On July 16, kouyanjun’s research team of China Rice Research Institute and Tao Zeng, a researcher from the school of agriculture of Zhejiang University, published a paper entitled”the addition” in the journal New Phytologistnal PRC2 subunit and Sin3 histone deacetylase complex are required for the normal distribution of H3K27me3 occupancy and transcriptioThe research paper”nal silencing in Magnaporthe oryzae” revealed the regulation mechanism of heterochromatin distribution and transcriptional silencing maintenance mediated by Polycomb inhibitory complex 2 (PRC2) in Magnaporthe grisea, deepened the understanding of the pathogenic mechanism of Magnaporthe grisea, and also provided theoretical guidance for the prevention and control of Magnaporthe grisea.
Rice is one of the most important food crops in the world, especially in China. The rice yield reduction caused by panicle neck blast and knot blast caused by rice blast fungus is the most serious. According to the prediction data of the National Agricultural Technology Extension Center, the occurrence area of rice blast can reach 60million Mu times in 2022. Revealing the pathogenic mechanism of Magnaporthe grisea and mining important pathogenic factors as potential drug targets are of great significance for the prevention and control of Magnaporthe grisea disease.

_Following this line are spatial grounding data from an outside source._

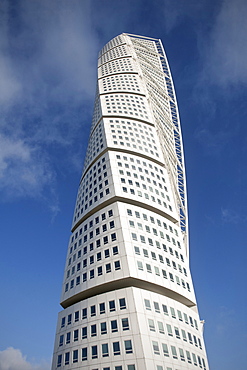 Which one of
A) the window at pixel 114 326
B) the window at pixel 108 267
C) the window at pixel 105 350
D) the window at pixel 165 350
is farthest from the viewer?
the window at pixel 108 267

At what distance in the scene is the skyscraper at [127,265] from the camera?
28.7 meters

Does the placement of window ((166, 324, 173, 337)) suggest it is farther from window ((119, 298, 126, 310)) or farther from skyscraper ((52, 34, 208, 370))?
window ((119, 298, 126, 310))

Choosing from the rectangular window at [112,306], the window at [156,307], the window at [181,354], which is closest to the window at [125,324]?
the rectangular window at [112,306]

The growth and development of higher organisms require appropriate genes to maintain transcriptional silencing. The trimethylation of lysine at position 27 of histone H3 catalyzed by PRC2 (H3K27me3) is an important post-translational modification to maintain transcriptional silencing. The team previously reported that the core subunit kmt6-suz12-eed of PRC2 complex in Magnaporthe grisea is necessary to maintain H3K27me3 mediated gene silencing. At the same time, the core subunit plays an important role in the growth and development of Magnaporthe grisea, the expression and regulation of effector proteins in response to environmental stress and pathogenesis. However, it is not clear how H3K27me3’s occupation on chromosomes is regulated. In addition, in higher animals and plants, Polycomb inhibitory complex 1 (PRC1) can promote chromatin agglutination and help PRC2 achieve stable inhibition of target genes. However, in fungi, there is a lack of PRC1. How PRC2 can achieve stable inhibition of target gene transcription needs to be further explored.
In this study, we identified the accessory subunit p55 of PRC2, and combined with chip SEQ and RNA SEQ methods, revealed the important role of p55 in the distribution of H3K27me3 on the chromosome and gene transcription silencing. Further research found that p55 interacted with SIN3 of histone deacetylation complex, and SIN3 participated in the distribution of H3K27me3 and the regulation of target gene transcription silencing, indicating that histone deacetylation and H3K27me3 can jointly promote the heterochromatization of occupied regions and assist PRC2 to achieve stable inhibition of target genes. This study elucidates a new mechanism for regulating the distribution of H3K27me3 and stably maintaining gene transcriptional silencing in fungi.
The research was supported by the National Natural Science Foundation of China, the special science and technology project of new agricultural variety breeding in Zhejiang Province and the national youth talent program. Graduate students Lin Chuyu and Wu Zhongling are the co first authors of this paper. Tao Zeng, a researcher at the College of agriculture of Zhejiang University, and Kou Yanjun, a researcher at the China Rice Research Institute are the co corresponding authors of this paper. Professor linfucheng of the Zhejiang Academy of Agricultural Sciences participated in the guidance of this study.